Tuesday, June 16, 2009

A word of encouragement from the past...

I submitted queries to 3 different literary agents today. I decided to then get started cleaning up some more of my manuscript. In doing that I stumbled upon this blog. It took my breath away because it is as if August of 2006 Jami is speaking DIRECTLY to July of 2009 Jami. For those of you who know the details of today's disappointment, I think it will take your breath away too. I hope it ministers to you, wherever you are at today as much as it ministered to me.

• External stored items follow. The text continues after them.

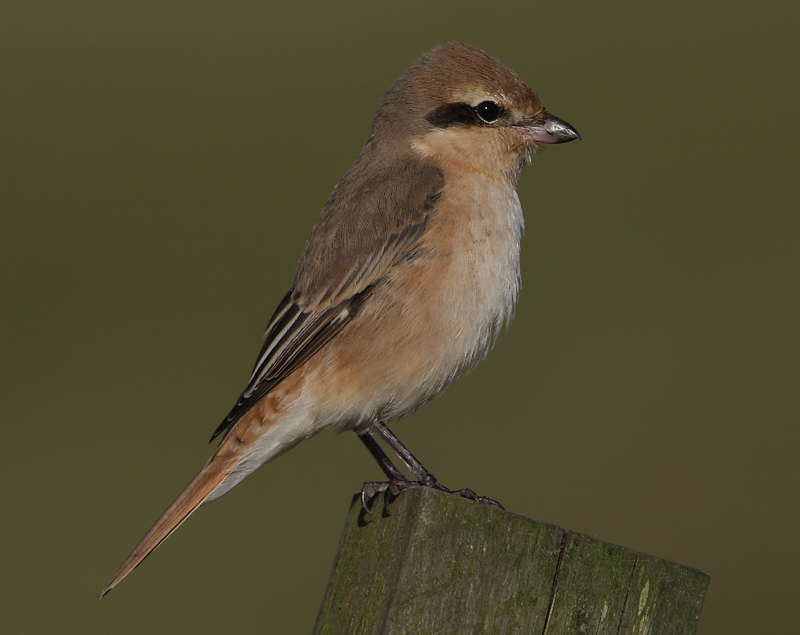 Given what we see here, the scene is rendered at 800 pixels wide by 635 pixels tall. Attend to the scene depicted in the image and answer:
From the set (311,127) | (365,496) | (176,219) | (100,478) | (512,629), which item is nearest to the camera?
(512,629)

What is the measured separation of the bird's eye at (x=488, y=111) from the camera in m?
4.85

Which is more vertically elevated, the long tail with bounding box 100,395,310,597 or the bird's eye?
the bird's eye

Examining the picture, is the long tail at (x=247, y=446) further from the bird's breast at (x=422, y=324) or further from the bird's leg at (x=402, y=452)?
the bird's leg at (x=402, y=452)

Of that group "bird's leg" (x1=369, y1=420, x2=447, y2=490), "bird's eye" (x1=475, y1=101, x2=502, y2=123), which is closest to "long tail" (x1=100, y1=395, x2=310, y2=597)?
"bird's leg" (x1=369, y1=420, x2=447, y2=490)

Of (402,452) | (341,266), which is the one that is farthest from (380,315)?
(402,452)

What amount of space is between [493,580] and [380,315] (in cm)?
195

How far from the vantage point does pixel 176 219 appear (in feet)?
39.5

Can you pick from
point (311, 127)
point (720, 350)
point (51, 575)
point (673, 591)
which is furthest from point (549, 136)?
point (311, 127)

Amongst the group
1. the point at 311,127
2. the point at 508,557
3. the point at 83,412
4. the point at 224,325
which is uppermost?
the point at 311,127

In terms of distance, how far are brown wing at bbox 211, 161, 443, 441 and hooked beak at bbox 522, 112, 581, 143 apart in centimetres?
60

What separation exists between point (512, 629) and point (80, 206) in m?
10.8

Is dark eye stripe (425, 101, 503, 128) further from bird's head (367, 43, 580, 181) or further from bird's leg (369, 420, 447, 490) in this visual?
bird's leg (369, 420, 447, 490)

written on August 2, 2006...

You know people CONSTANTLY say to me, "I don't know how you do it Jami." They're referring to the fact that I have four children (who are beautiful and sweet, but AMAZINGLY "precocious"), I work 20 - 30 hours per week from my home (while watching said children), I coach the (amazing and incredibly talented) FHS cheerleaders, and I teach fitness classes. I always tell them that I just love my life, and I love to keep busy. The truth is I love everything in my life so much: my husband, my children, my cheerleaders, cheerleading itself, working out, that I'd rather work myself into the ground than give any of it up. However, the past two weeks or so, I myself have been thinking, "I don't know how you do it Jami."

I am so past exhausted! Having all four of the kiddos at home is just killing me. If I leave them upstairs so I can get in some work, they just get into trouble. A few weeks ago Noah used up all of my Victoria's Secret body spray. I asked him what he used it for, "knockout gas" was the answer. He was playing Splinter Cell and the sprays were his knockout gas. So while I really don't like to wish time away, I am ANXIOUSLY anticipating the beginning of school this year.

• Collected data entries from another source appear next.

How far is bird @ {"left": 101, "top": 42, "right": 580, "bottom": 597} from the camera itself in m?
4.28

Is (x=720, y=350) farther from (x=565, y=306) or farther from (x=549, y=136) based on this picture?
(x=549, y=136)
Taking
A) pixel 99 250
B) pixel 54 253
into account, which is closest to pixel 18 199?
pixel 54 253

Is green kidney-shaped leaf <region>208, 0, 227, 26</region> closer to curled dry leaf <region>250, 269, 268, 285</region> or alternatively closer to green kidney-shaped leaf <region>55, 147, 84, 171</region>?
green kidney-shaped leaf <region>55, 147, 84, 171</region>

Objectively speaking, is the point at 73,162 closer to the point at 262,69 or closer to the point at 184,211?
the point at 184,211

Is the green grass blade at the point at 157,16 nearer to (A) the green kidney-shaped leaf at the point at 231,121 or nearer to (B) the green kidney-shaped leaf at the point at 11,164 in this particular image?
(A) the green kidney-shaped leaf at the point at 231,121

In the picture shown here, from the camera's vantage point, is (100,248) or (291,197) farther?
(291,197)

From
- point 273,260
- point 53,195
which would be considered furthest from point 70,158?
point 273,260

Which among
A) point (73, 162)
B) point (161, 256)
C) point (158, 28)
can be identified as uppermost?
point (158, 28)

Not only that but summer is just SUCH a crazy time. I think we've had only two weekends this whole summer when we didn't have something planned: weddings, graduations, cheer camps, family reunions, class reunions, church picnics.....our summer has been FULL.

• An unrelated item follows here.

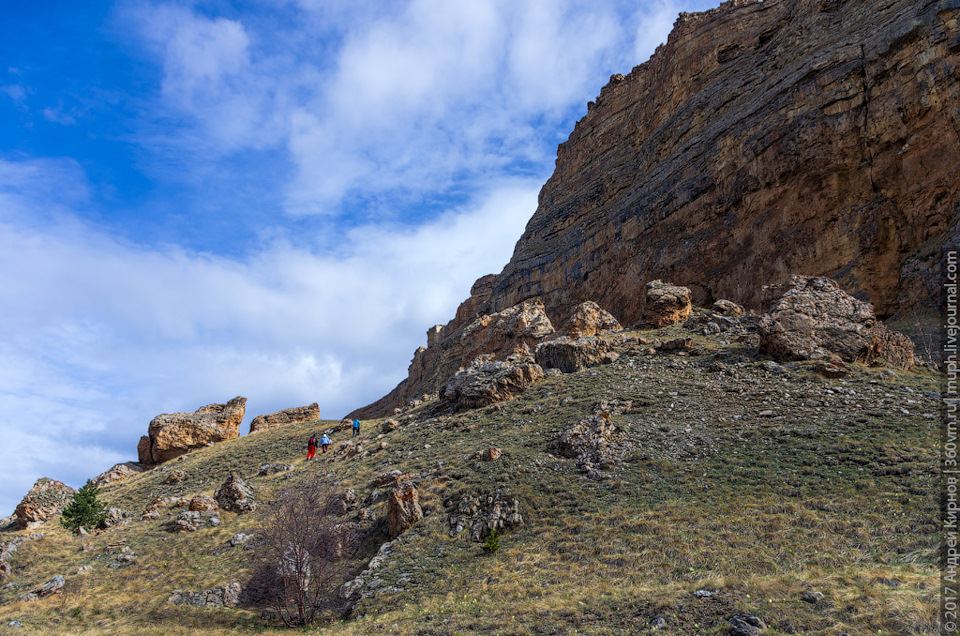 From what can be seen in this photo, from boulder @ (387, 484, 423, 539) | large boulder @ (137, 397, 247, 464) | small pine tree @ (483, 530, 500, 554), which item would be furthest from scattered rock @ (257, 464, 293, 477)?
large boulder @ (137, 397, 247, 464)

Add to it the fact that I have a newborn; however, in all honesty she is the LEAST of my problems. Hannah is SERIOUSLY and HONESTLY the best baby in the world. For the past three and a half weeks, she has been sleeping through the night. She sleeps about 10 hours EVERY night! She's an absolute dream. I figure though that with all the broken toilets, perfume used as knockout gas, bald spots cut in hair, and urinating in places that are NOT the toilet, I deserve at least one easy one right now. There are short skirts and midriff-baring tops that she will undoubtedly torture me with later, so I'm glorying in the angelic season of her life now. I digress....so the point of this is I'm barely making it.

I'm at the end of myself, but gratefully I'm finding that, as in all things, in the midst of my self-induced insanity, God's Grace is enough to see me through. Right now that is all that's getting me through. That and the knowledge that before I know it we'll be in the throes of fall. Summer's craziness will have given way to my FAVORITE season: it will be time for cool, crisp air, sweaters, trips to the apple orchard, new school outfits and lunchboxes, football games, and pumpkins....they are all on the horizon. So if I can just hold on a little longer. If I can just make it through the sweltering heat, a class and a family reunion, if I can just keep the boys from burning down the house, I will make it to the promised land - FALL.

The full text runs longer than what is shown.